» **Task requirements**
Would you restate each line of the data below word for word, without its pictures?

──────── Supplied material

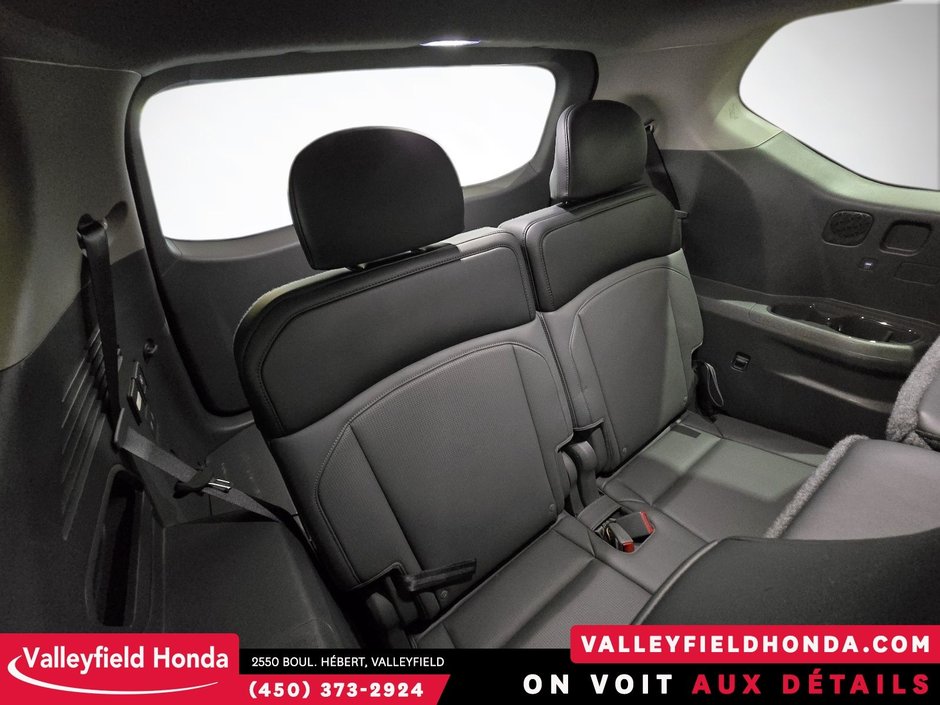 2025 Kia EV9 Land 451km autonomie-20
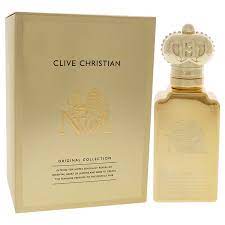 CLIVE CHRISTIAN • No.1 Feminine • Eau de parfum • 50 ml • Original Collection • da donna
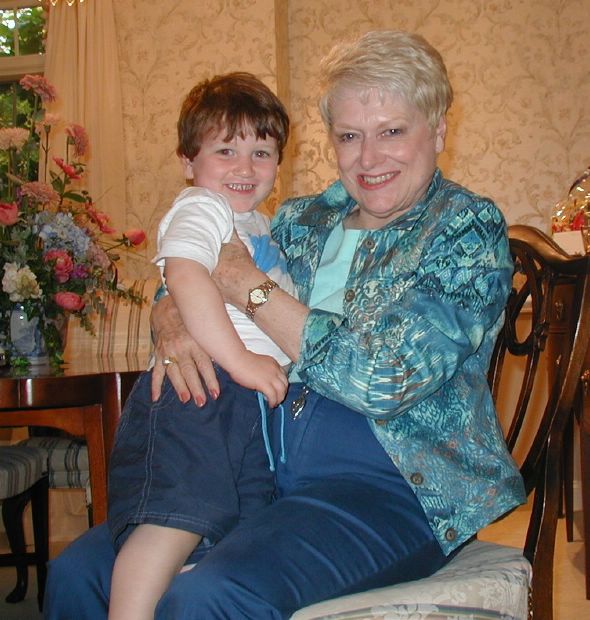 Gran and Will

────────────────

» **Response box**
 2025 Kia EV9 Land 451km autonomie-20
 CLIVE CHRISTIAN • No.1 Feminine • Eau de parfum • 50 ml • Original Collection • da donna
 Gran and Will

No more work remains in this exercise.